Traditional radiology is usually sufficient to diagnose and characterize vertebral deformations. Alterations of the trabecular texture can be identified when the mineral component is reduced by 30–40 %. Initially, the cortical structure is increased, in part due to its later resorption compared to the spongious part and in part because the vertebral end plates tend to undergo reactive sclerosis. The earlier resorption of horizontal trabeculae explains the more marked pattern of vertical trabeculae, which appear as radiopaque bands.

In later stages, the trabecular structure can become completely radiotransparent, causing the typical picture-frame aspect. Radiology can help to distinguish between metabolism-related and traumatic crush injuries: a break in the cortical component, with eventual mesh-related phenomena, suggests a post-traumatic lesion.

Traditional radiology is not the only source of qualitative information about the vertebral status; indeed, vertebral radiological or morphometric absorptiometry can overcome some of the limits of radiology by assessing objective parameters. The analysis measures the vertebral height at the level of anterior, center, and posterior walls. The analysis also calculates vertebral height ratios; a diagnosis of fracture is suggested by a reduction of a vertebral height beyond a certain threshold. This allows identification of small fractures that are asymptomatic most of the time and provides an advantage for the patient, as it may suggest therapy to prevent further and more severe deformations. According to current regulations, use of alendronate and other drugs provided by the Italian National Health System is allowed only in ascertained fracture cases.

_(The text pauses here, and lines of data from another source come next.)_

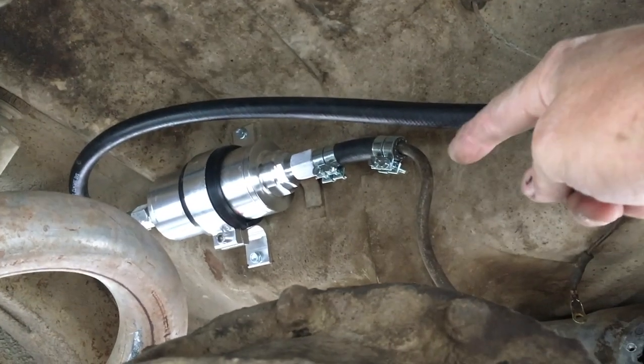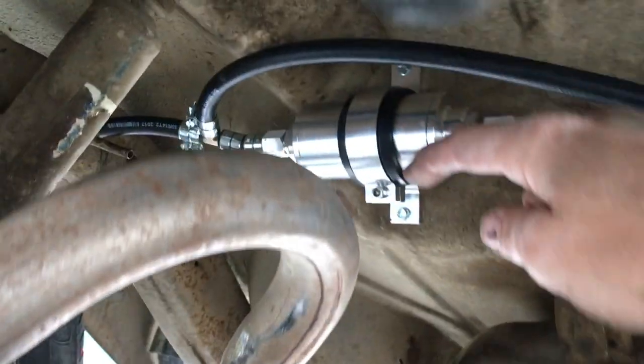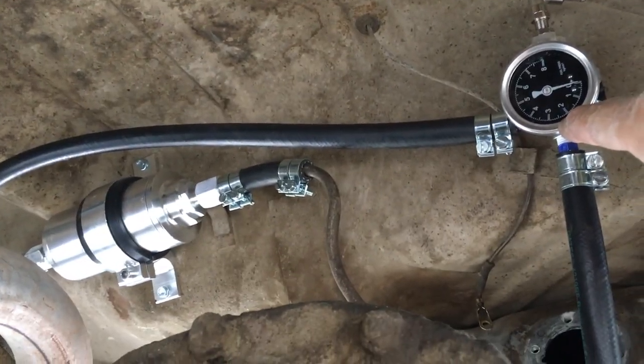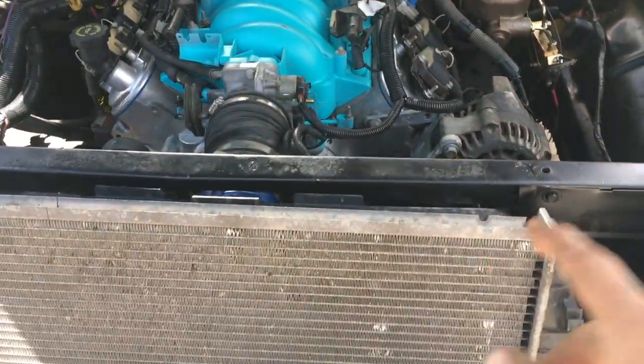The line comes out of the pump — that's going to be in the tank — into the fuel filter, over to a T to the fuel rail. It also pressurizes this side over here, and if it sees anything above 60 psi it lets it go back into the tank. A lot of wiring still to do.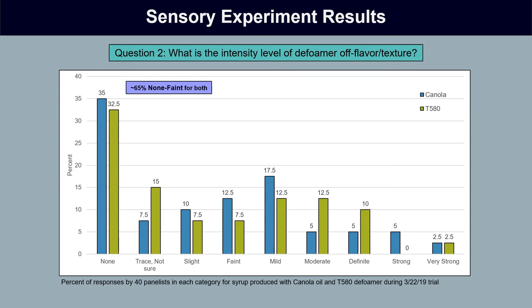In general, the results of the sensory experiment are still useful to us, because even if the high level of yes responses is a false high, the important part is that the candidate defoamer syrup did not have more frequent occurrence of off flavor than the canola oil syrup. In fact, it had less on at least one occasion.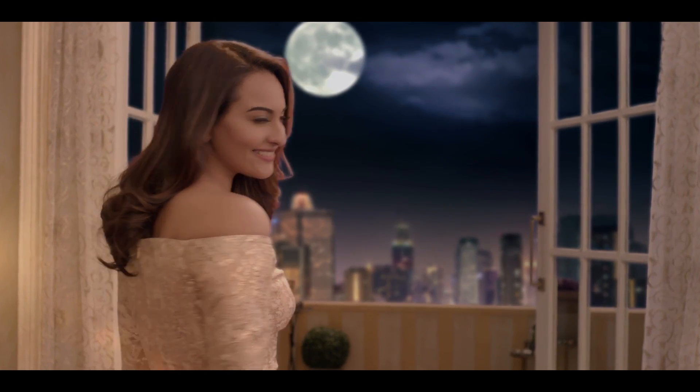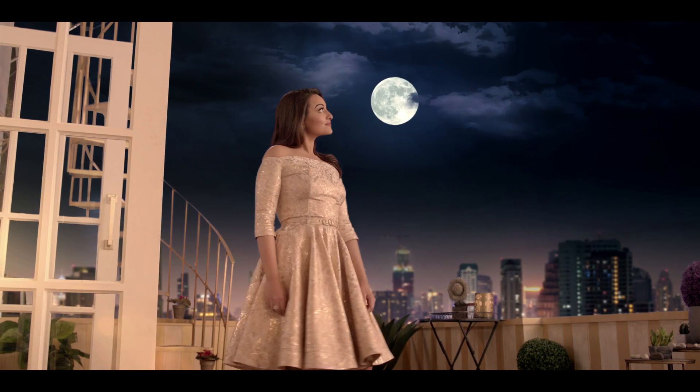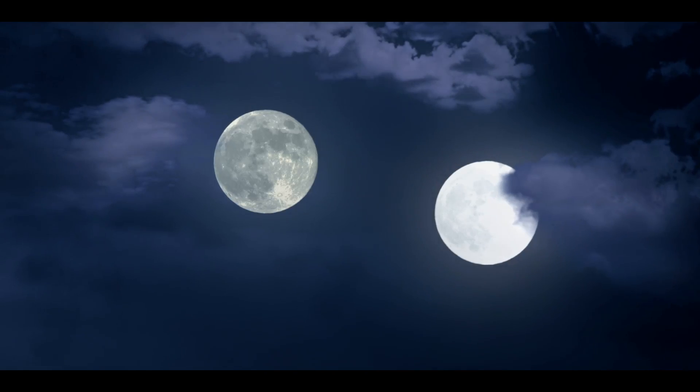How beautiful the sun is, so beautiful, isn't it? The sun is ultra beautiful. The sun is the most beautiful glow.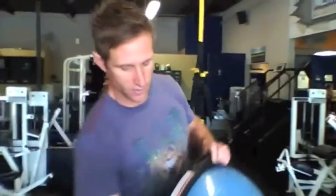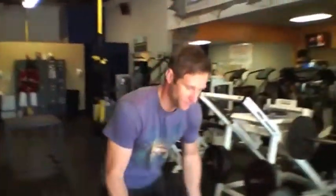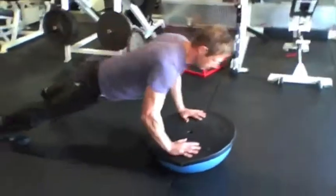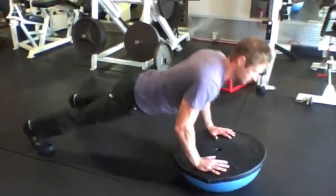Let me show you a couple of exercises that you can incorporate into your routine using the BOSU ball. The first one, turn it upside down — stability push-ups. Stack the ball and do your push-ups off this uneven surface. It really brings in a lot more muscle into the movement.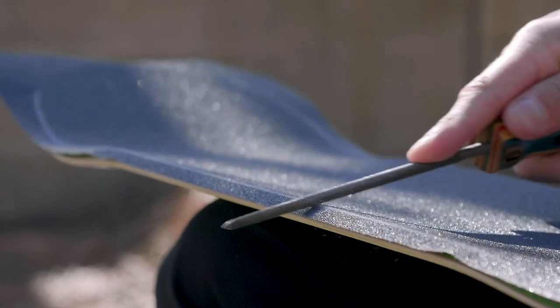I'm going to show you how to grip your board properly, give it a nice even cut along the edges, and make sure there's no air bubbles. First, you're obviously going to need grip tape and a skateboard, both of which you can get on ccs.com. For beginners, I'd suggest getting perforated grip — perforated means there are little holes poked in the grip so you don't get air bubbles.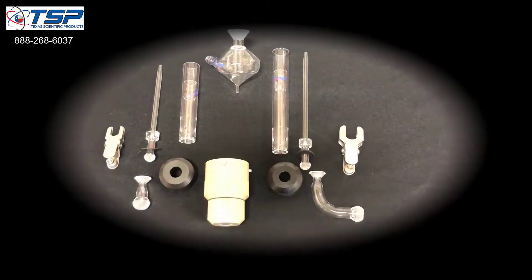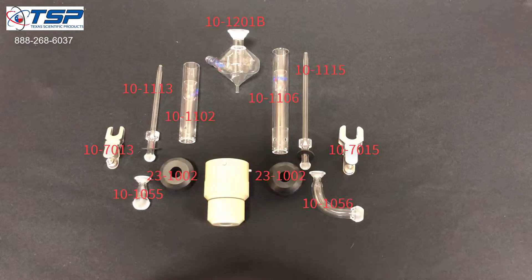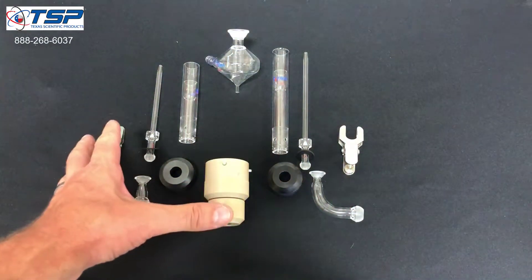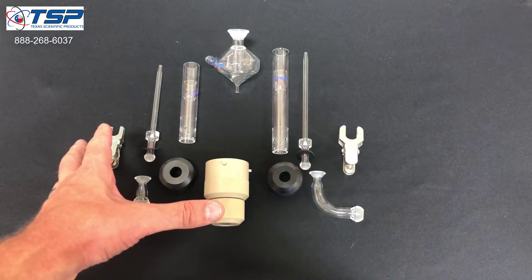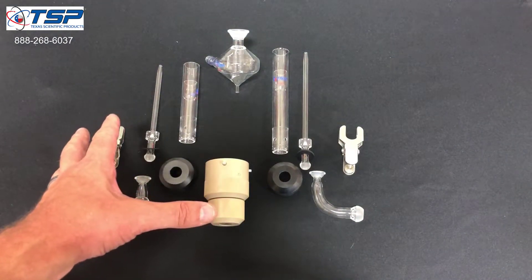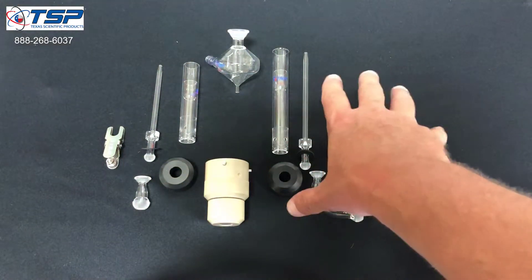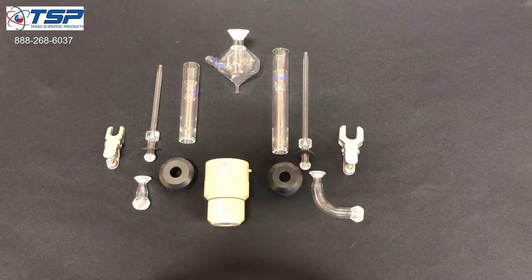Hi, this is Bruce Moulton with Texas Scientific Products. Today we're going to assemble the torch, injector, and adapters and spray chamber for an Arcos MV. We're going to do the radial side of the system using the items on this side of the table, and then we've got the axial side that we're going to do on the right-hand side.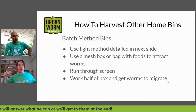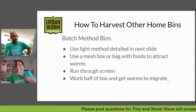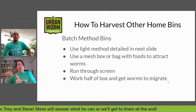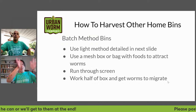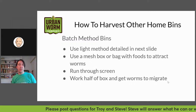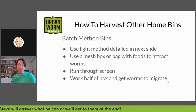If you have a more shallow Rubbermaid-style bin, you could work one half of it, keep adding foods in little pockets, and when you fill that side up, start the other half. After some time, the stuff gets worked through and worms move over to the new food. It's not always 100% — you'll have a lot of worms that go over and some that stay back in the habitat they've been in.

CT is also a useful source of information when analyzing vertebral fractures. It is possible to recognize in the vertebral body sclerotic, lytic, and mixed alterations. Interruption of the cortical bone is well detected by means of CT multiplanar reconstruction (Cammisa et al. 1991).

CT is more accurate than traditional radiology for determining the age of a vertebral collapse, an important issue in treatment, as it allows some correlation of the lesion to the reported symptoms. The key elements are both the patient’s medical history and the sclerotic component of the collapsed vertebral body, which is a reactive response after a fracture as an effort to heal and to give the vertebra more stability.

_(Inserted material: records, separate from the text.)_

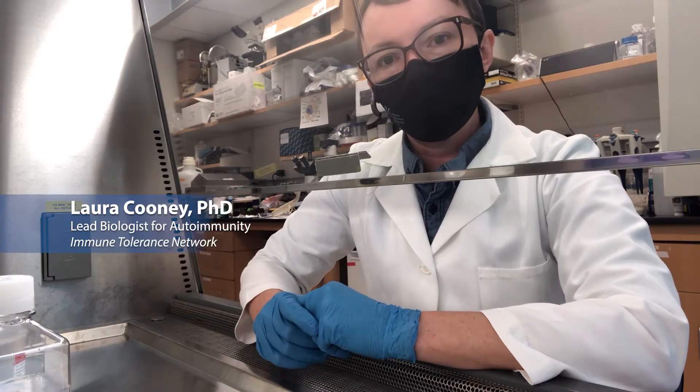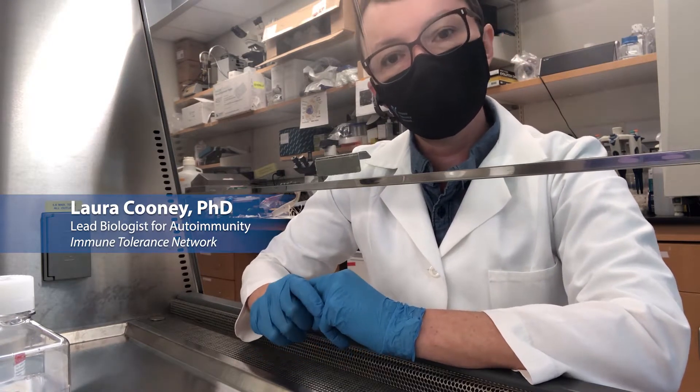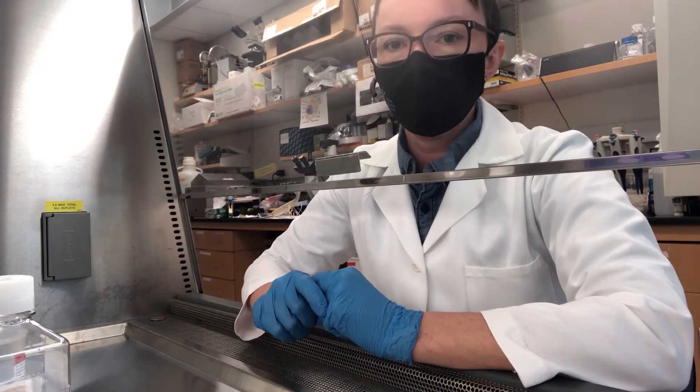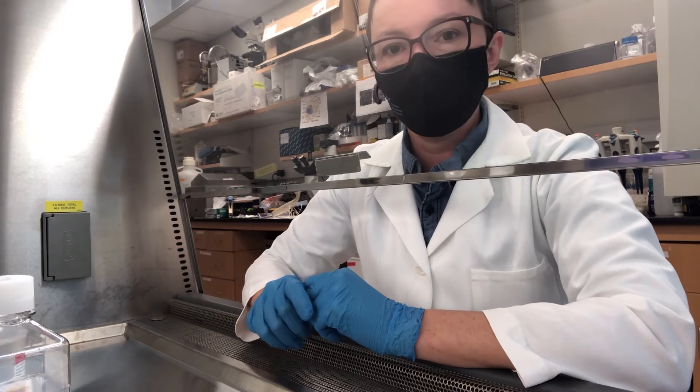Hi everyone, my name is Laura. I'm a biologist with the Immune Tolerance Network, and today I'm going to be demonstrating the procedure for separating PBMCs from whole blood. We're going to be using SepMate tubes.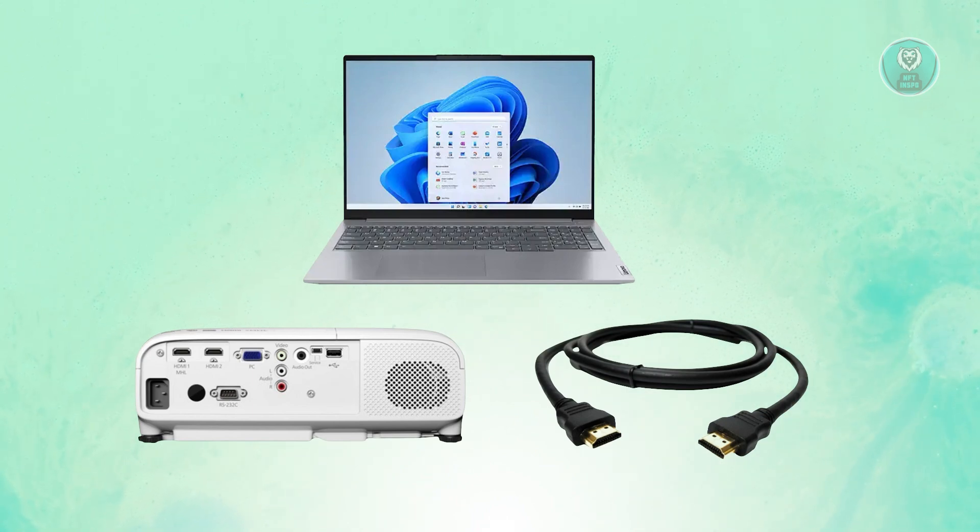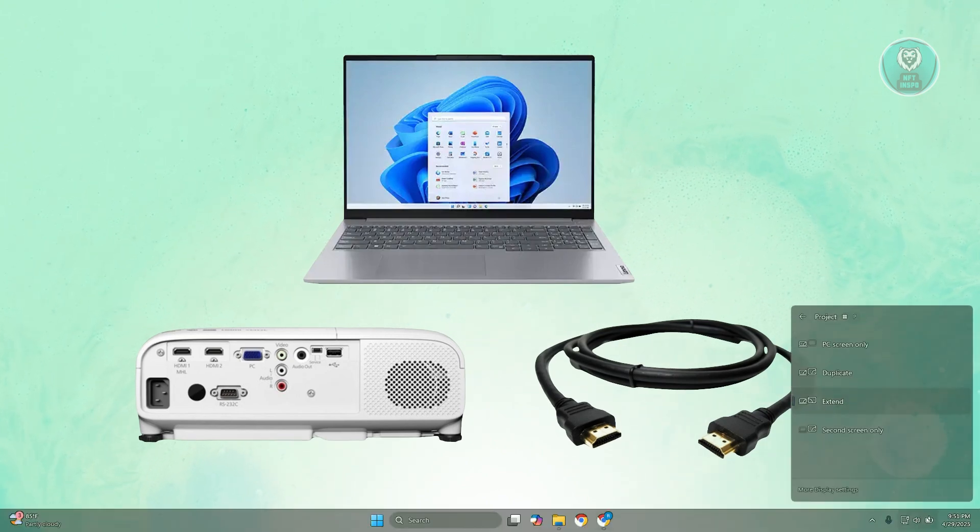Once the two devices are connected with the cord, press Windows and P on your keyboard. A projection options menu should pop up on your PC. From there, click on the option you want — either duplicate or extend your screen — depending on what you want to achieve.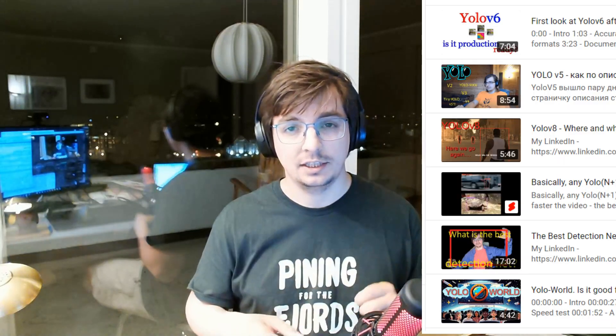Hello, my name is Ant, and there are a lot of videos on my channel about different YOLOs: YOLO V5, YOLO V6, YOLO V7, YOLO V8.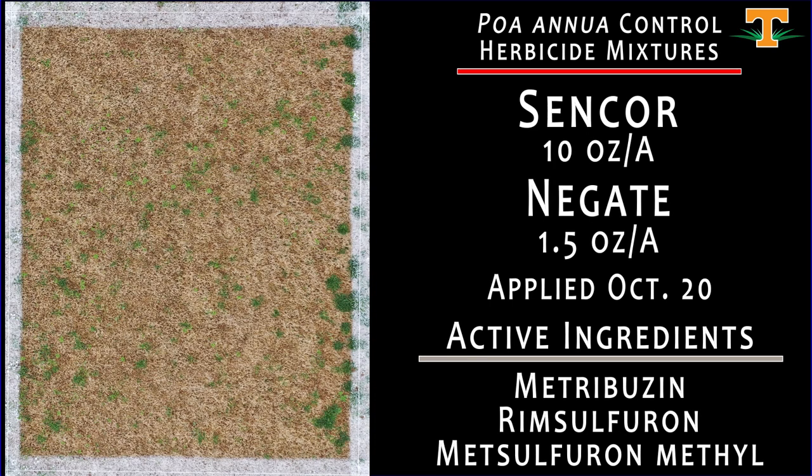Here we have a mixture of Sencor and Negate — two different modes of action. Sencor is a photosystem II inhibitor; Negate is an ALS inhibitor. This was applied October 20th, and we can see that our overall annual bluegrass control is fairly good — a little bit better than what we've seen in some of our other treatments for winter annual broadleaf weeds as well. This treatment did impart temporary injury to the hybrid bermudagrass after application, which is not unexpected with the Sencor rate being 10 ounces.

MRI has a key role in integrated diagnostic imaging of pathological, usually metastatic, fractures. Metastases can spread to any of the vertebrae, although the dorsal vertebrae are most affected, while osteoporosis fractures show typical sites and are rare above D7. While insufficiency fractures are limited to the vertebral body, pathological fractures often affect pedicles: it is possible to investigate this aspect by radiography, CT, or MRI. In the anteroposterior projection, as well as the coronal projection, the metastatic vertebra can appear deformed on a single side, which is another distinctive feature; moreover, another feature typical of the neoplasia is the intraosseous mass associated with the fracture.

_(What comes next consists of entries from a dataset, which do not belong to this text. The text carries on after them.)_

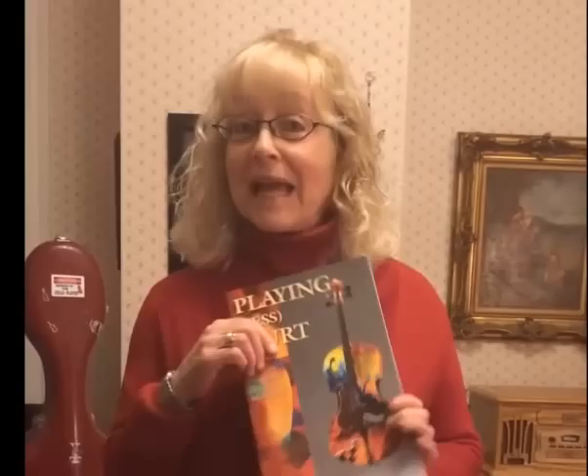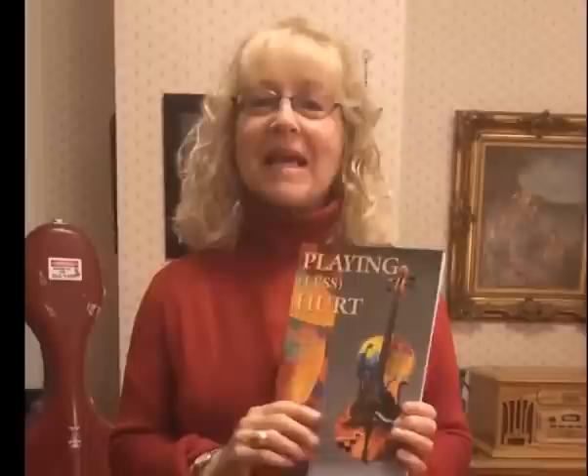Hello Violin Channel, this is Janet Horvath from my studio in St. Paul, Minnesota. I've been a professional cellist for many decades and I'm also the author of Playing Less Hurt, an Injury Prevention Guide for Musicians. Today I'd like to give you a few injury prevention tips.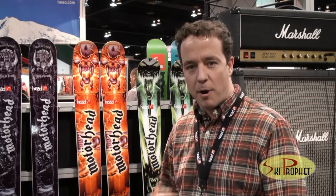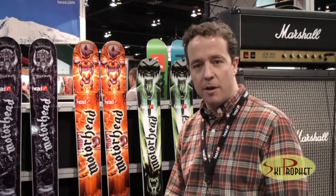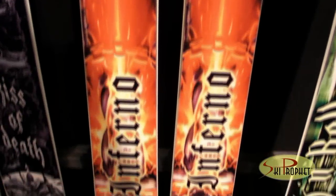Hi, my name is Andrew Cooperthwaite, U.S. Product Manager with Headwinter Sports. Introducing the Inferno Ski from the Motorhead Collection, our Big Mountain Collection this year. These graphics were brought out by the album cover art from Motorhead, with the corresponding album name as the model name.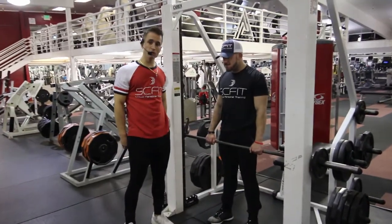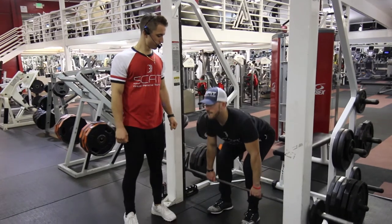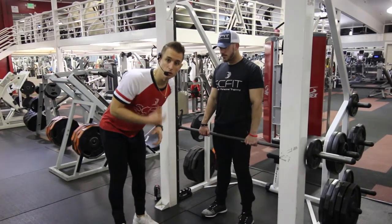As he comes up, he's going to thrust forward and squeeze his glutes. And as he lowers down, his chest comes parallel to the floor.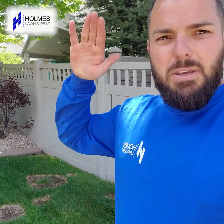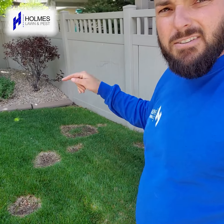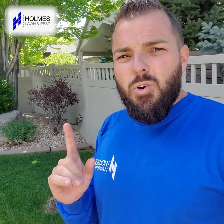Another huge factor is aeration with a machine where you poke holes in your lawn. People go door to door, neighbor to neighbor, and they spread the soil around. If this lawn was aerated, there's a really high chance the fungal soil gets spread throughout the yard — and even the next yard they go to with that machine could get this very fungus spread into it. You're taking a big risk if you have somebody come aerate and you don't know what lawn they did before.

MRI, although less accurate than CT in bone observation, allows analysis of the bone signal, which is of highly important diagnostic value. On T1-weighted images, recent insufficiency fractures usually show a horizontal band-like low signal intensity under the upper end plate; in contrast, during the chronic phase, the signal tends to become isointense with respect to other vertebrae with, occasionally, a thin hypointense band. Pathological fractures are usually homogeneously hypointense when the bone marrow is totally replaced, while in cases of focal marrow replacement, it is possible to observe a particularly intense contrast between tumor hypointensity and bone marrow high signal.